En conclusion, l’immunothérapie spécifique est associée à différentes formes d’immuno-régulation : l’induction de la réponse Th1, l’antagonisme de la réponse Th2, la production d’anticorps IgG4, ainsi que l’induction d’IL-10 et de TGFβ qui suppriment la réponse cellulaire à l’allergène (Larché, 2006).
1.8 But de l’étude
Le diagnostic des allergies aux venins d’insectes est basé sur l’histoire clinique, les tests cutanés et le dosage des IgEs. Cependant, il arrive que ces techniques soient en désaccord. En effet, 33% des patients allergiques aux insectes (prouvé par provocation) présentent un test cutané et/ou un taux d’IgEs négatif. Un diagnostic précis est particulièrement important pour confirmer l’indication de l’IT. Les risques, la longueur et le coût d’un tel traitement doivent être parfaitement évalués avant sa mise en place. Pour supprimer tout risque lié aux tests par provocation in vivo, le CAST et le CD203c BAT pourraient trouver leur place dans les techniques de diagnostic in vitro (de Weck et al, 2003).

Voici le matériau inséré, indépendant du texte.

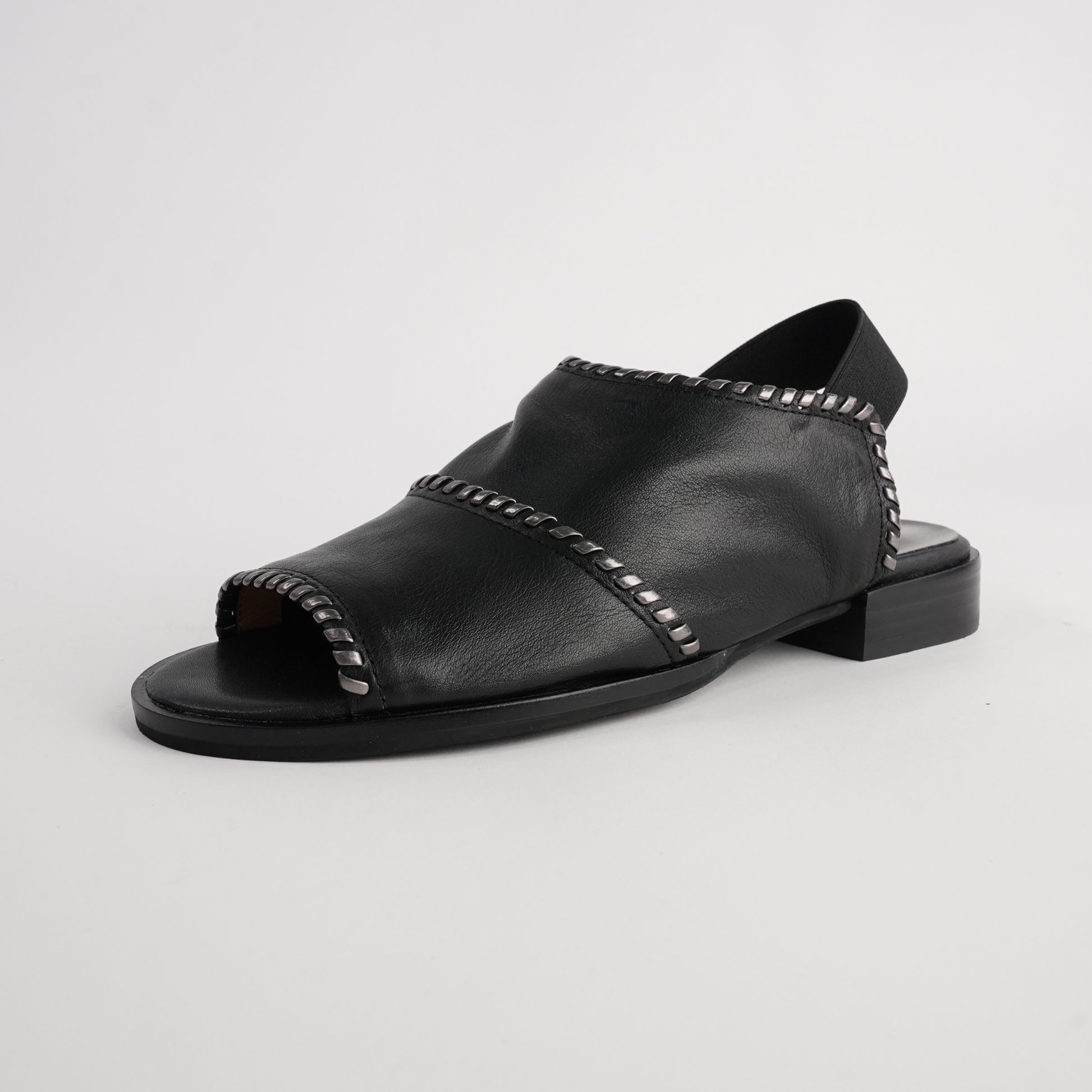 Serenade Black/ Pewter Leather Sandals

De plus, il n’existe aucun moyen de prouver que la thérapie fonctionne et que le patient n’est plus allergique à l’allergène. La seule preuve (par l’absurde) est de dire que si celui-ci est piqué une nouvelle fois par l’hyménoptère et qu’il n’y a aucune réaction allergique c’est qu’il est devenu tolérant. La seule technique de laboratoire utilisée pour le moment pour suivre l’évolution de la thérapie est la diminution des IgE spécifiques. Si leur taux a très fortement diminué par rapport au taux de départ (le mieux étant inférieur à 0.35KUA/L mais c’est rare), le patient peut être considéré comme désensibilisé. Le CAST et le test d’activation des basophiles pourraient nous guider sur l’efficacité de IT.

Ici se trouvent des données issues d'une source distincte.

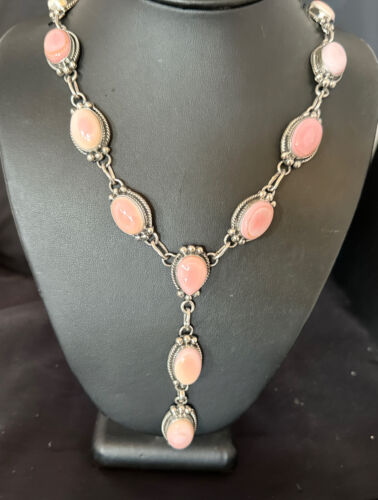 Navajo Pink Conch Lariat Necklace | Sterling Silver Pendant | 30" | Authentic Native American Handmade | 15871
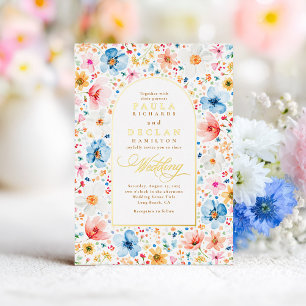 Invitation En Aluminium Jardin de prairie fleurie de fleurs sauvages Maria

D’après de récentes études, d’autres anticorps spécifiques, les IgG4s, pourraient induire une tolérance. Leur taux augmenterait durant l’IT alors que celui des IgEs chuterait. Le dosage de ces 2 types d’anticorps pourrait s’avérer utile dans le suivi de la désensibilisation et de l’allergie.
But de notre étude : chez des patients allergiques que nous avons sélectionné sur base d’un taux d’IgEs supérieur à 0,35KUA/L, non désensibilisés, en cours de désensibilisation ou en fin de désensibilisation, expérimenter la technique du CAST-2000 ELISA ainsi que le CD203c BAT, mettre en parallèle le taux d’IgEs vs IgG4s grâce au dosage par l’Immuno CAP. De plus, nous comparerons les IgG4s et les IgEs dirigés contre les différentes protéines de venin par la technique du Western blot. Nous évaluerons aussi la corrélation entre le taux de tryptases et la positivité du CAST.

Nous rechercherons une éventuelle relation entre la diminution du taux d’IgEs et l’élévation du taux d’IgG4 chez un individu désensibilisé et la négativité du CAST/CD203c BAT.

Nous tenterons de déterminer un profil que devrait avoir un patient désensibilisé.

2. Matériel et méthodes

2.1 Sélection des patients

Les patients ont été sélectionnés dans le logiciel du laboratoire sur base d’une prise de sang positive (>0.10 KUA/L11) pour les IgE spécifiques dirigés contre le venin de guêpe. Suite à l’accord du Comité d’Éthique du CHU de Liège, les patients ont été contactés afin de les soumettre à un prélèvement sanguin et à un petit questionnaire sur leur passé allergique.
2.2 Détermination des IgE spécifiques

2.2.1 Dosage des IgE spécifiques

Les IgE spécifiques au venin de guêpes (i3) sont dosées dans le sérum de 26 patients grâce à l’Immuno CAP 250 (Phadia, Uppsala, Suède). Pour la recherche des épitopes d’hydrates de carbone, nous avons également dosés les IgEs dirigées contre la broméline (k202 et Ro214) chez patients suspects.